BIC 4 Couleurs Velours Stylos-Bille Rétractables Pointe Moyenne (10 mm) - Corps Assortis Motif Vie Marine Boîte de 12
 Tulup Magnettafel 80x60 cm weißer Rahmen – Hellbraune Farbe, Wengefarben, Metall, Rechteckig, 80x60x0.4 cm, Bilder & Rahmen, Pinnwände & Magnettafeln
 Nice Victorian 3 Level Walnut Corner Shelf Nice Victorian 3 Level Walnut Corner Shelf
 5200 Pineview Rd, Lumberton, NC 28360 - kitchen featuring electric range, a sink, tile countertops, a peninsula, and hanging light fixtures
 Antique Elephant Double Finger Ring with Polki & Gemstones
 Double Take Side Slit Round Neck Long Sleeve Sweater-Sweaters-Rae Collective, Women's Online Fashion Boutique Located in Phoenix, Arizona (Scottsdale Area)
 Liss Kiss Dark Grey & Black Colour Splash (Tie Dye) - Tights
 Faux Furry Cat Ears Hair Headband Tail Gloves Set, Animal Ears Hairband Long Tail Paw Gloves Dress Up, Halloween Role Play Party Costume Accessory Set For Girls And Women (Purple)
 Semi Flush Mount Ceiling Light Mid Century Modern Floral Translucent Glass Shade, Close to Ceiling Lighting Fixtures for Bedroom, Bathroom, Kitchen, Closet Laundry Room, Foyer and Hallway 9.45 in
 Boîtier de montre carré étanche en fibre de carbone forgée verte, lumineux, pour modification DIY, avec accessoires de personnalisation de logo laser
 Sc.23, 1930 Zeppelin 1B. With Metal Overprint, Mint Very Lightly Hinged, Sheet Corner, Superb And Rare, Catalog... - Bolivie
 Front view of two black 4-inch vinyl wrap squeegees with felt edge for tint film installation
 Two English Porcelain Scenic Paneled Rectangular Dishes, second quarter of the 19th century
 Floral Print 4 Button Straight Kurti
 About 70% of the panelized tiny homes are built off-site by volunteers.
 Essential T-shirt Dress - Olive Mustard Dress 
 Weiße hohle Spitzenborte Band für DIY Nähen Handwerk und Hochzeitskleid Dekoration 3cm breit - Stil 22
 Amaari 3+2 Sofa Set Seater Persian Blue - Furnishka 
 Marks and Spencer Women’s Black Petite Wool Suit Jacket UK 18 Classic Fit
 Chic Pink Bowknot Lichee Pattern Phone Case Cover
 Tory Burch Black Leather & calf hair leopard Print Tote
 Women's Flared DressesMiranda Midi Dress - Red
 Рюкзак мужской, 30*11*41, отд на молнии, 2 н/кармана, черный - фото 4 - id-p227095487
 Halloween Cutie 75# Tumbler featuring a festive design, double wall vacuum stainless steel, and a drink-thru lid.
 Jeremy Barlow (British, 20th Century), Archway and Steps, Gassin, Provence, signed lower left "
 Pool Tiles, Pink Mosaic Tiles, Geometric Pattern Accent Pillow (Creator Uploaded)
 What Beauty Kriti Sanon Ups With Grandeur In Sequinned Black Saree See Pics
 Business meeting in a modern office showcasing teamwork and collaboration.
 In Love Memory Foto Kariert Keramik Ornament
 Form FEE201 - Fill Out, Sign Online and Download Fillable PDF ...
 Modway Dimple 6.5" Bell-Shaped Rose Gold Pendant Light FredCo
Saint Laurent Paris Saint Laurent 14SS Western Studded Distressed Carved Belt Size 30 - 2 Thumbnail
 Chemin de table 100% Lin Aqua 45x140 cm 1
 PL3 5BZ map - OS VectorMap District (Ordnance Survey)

Task requirements —
Having read the entries, repeat them all exactly.

Output of the task —
BIC 4 Couleurs Velours Stylos-Bille Rétractables Pointe Moyenne (10 mm) - Corps Assortis Motif Vie Marine Boîte de 12
 Tulup Magnettafel 80x60 cm weißer Rahmen – Hellbraune Farbe, Wengefarben, Metall, Rechteckig, 80x60x0.4 cm, Bilder & Rahmen, Pinnwände & Magnettafeln
 Nice Victorian 3 Level Walnut Corner Shelf Nice Victorian 3 Level Walnut Corner Shelf
 5200 Pineview Rd, Lumberton, NC 28360 - kitchen featuring electric range, a sink, tile countertops, a peninsula, and hanging light fixtures
 Antique Elephant Double Finger Ring with Polki & Gemstones
 Double Take Side Slit Round Neck Long Sleeve Sweater-Sweaters-Rae Collective, Women's Online Fashion Boutique Located in Phoenix, Arizona (Scottsdale Area)
 Liss Kiss Dark Grey & Black Colour Splash (Tie Dye) - Tights
 Faux Furry Cat Ears Hair Headband Tail Gloves Set, Animal Ears Hairband Long Tail Paw Gloves Dress Up, Halloween Role Play Party Costume Accessory Set For Girls And Women (Purple)
 Semi Flush Mount Ceiling Light Mid Century Modern Floral Translucent Glass Shade, Close to Ceiling Lighting Fixtures for Bedroom, Bathroom, Kitchen, Closet Laundry Room, Foyer and Hallway 9.45 in
 Boîtier de montre carré étanche en fibre de carbone forgée verte, lumineux, pour modification DIY, avec accessoires de personnalisation de logo laser
 Sc.23, 1930 Zeppelin 1B. With Metal Overprint, Mint Very Lightly Hinged, Sheet Corner, Superb And Rare, Catalog... - Bolivie
 Front view of two black 4-inch vinyl wrap squeegees with felt edge for tint film installation
 Two English Porcelain Scenic Paneled Rectangular Dishes, second quarter of the 19th century
 Floral Print 4 Button Straight Kurti
 About 70% of the panelized tiny homes are built off-site by volunteers.
 Essential T-shirt Dress - Olive Mustard Dress 
 Weiße hohle Spitzenborte Band für DIY Nähen Handwerk und Hochzeitskleid Dekoration 3cm breit - Stil 22
 Amaari 3+2 Sofa Set Seater Persian Blue - Furnishka 
 Marks and Spencer Women’s Black Petite Wool Suit Jacket UK 18 Classic Fit
 Chic Pink Bowknot Lichee Pattern Phone Case Cover
 Tory Burch Black Leather & calf hair leopard Print Tote
 Women's Flared DressesMiranda Midi Dress - Red
 Рюкзак мужской, 30*11*41, отд на молнии, 2 н/кармана, черный - фото 4 - id-p227095487
 Halloween Cutie 75# Tumbler featuring a festive design, double wall vacuum stainless steel, and a drink-thru lid.
 Jeremy Barlow (British, 20th Century), Archway and Steps, Gassin, Provence, signed lower left "
 Pool Tiles, Pink Mosaic Tiles, Geometric Pattern Accent Pillow (Creator Uploaded)
 What Beauty Kriti Sanon Ups With Grandeur In Sequinned Black Saree See Pics
 Business meeting in a modern office showcasing teamwork and collaboration.
 In Love Memory Foto Kariert Keramik Ornament
 Form FEE201 - Fill Out, Sign Online and Download Fillable PDF ...
 Modway Dimple 6.5" Bell-Shaped Rose Gold Pendant Light FredCo
Saint Laurent Paris Saint Laurent 14SS Western Studded Distressed Carved Belt Size 30 - 2 Thumbnail
 Chemin de table 100% Lin Aqua 45x140 cm 1
 PL3 5BZ map - OS VectorMap District (Ordnance Survey)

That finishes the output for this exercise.